Fantastical imagery and music cues – Mica Levi’s score yet again proving why she’s the absolute best in the business – draw you further into Zola’s high-tempo trance whilst the quick-fire dialogue can leave you scrambling for breath. Bravo and co-writer Jeremy O Harris focus in on the speaking patterns of online discourse – sometimes with helpfully subtitles for older, whiter audience members – making for conversations that can be both alienating and gratingly familiar. You really feel like you’re in the room with these people, and it’s intoxicating and unpleasant – by the time Zola finally breaks free of Tampa, you’re almost as tired as she is.
Barely a scene passes without a laugh or a gasp – or, in the case of a stomach-turning montage of clients’ awful penises, a combination of the two – as the stakes escalate further and further until everyone is in way over their heads. With such a heightened tone, the cast do a fantastic job of keeping their fears and frustrations grounded. Paige’s performance is pretty reactive, but no less compelling for it, while Keough outdoes herself playing not just the character of Stefanie but almost an embodiment of whiteness itself. Meanwhile, Braun of course earns the lion’s share of laughs (it’s a brilliant piece of casting, one of the few actors who can be funny in the mere act of existing) and Domingo is genuinely astonishing.
His Abegunde is mercurial and terrifying, switching on a dime between American and Nigerian accents in a searingly unpredictable, yet often still charming, display. It’s up there with Carrie Coon in The Nest as my favourite bit of acting of the year, and finally shows Domingo at the peak of his potential after quietly but consistently impressing in smaller roles in the past few years.

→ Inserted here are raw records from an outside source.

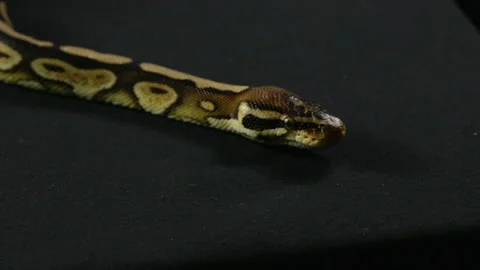 Video of snake - ball python Stock Footage 90337913
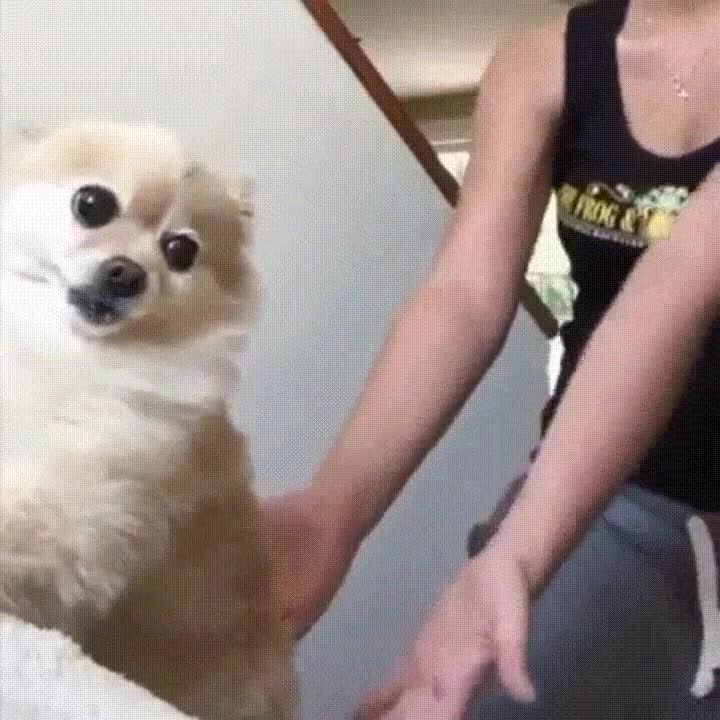 perro,ejecutar,salto de fe,manos,humana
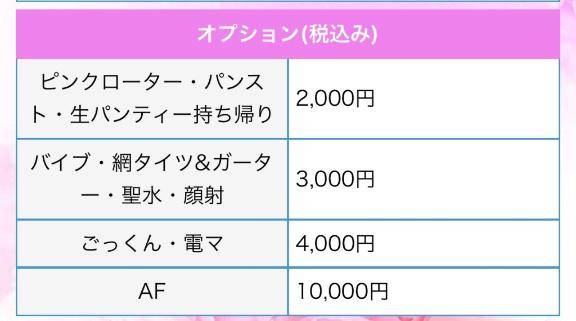 うさぎのオプションについて?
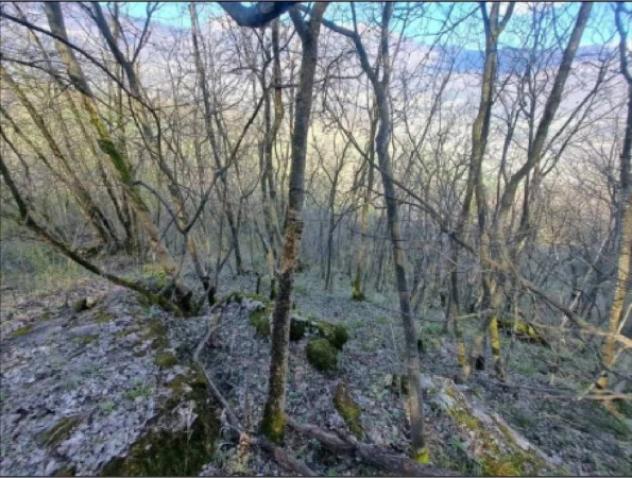 Immobile in asta di 2377 m² in vendita a Rovereto - Foto 2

Bravo has a lot to juggle in Zola, from the pitch-perfect performances to wild action that feels like a mix between The Neon Demon and the work of Sean Baker to commentary on the fraught and exhausting nature of living your life one social media post at a time. As a balancing act, Zola is a magnificent testament to Bravo’s confidence and skill as a filmmaker, and as a comedy thriller, it’s one of the most deliriously fun times you could have at the cinema this year.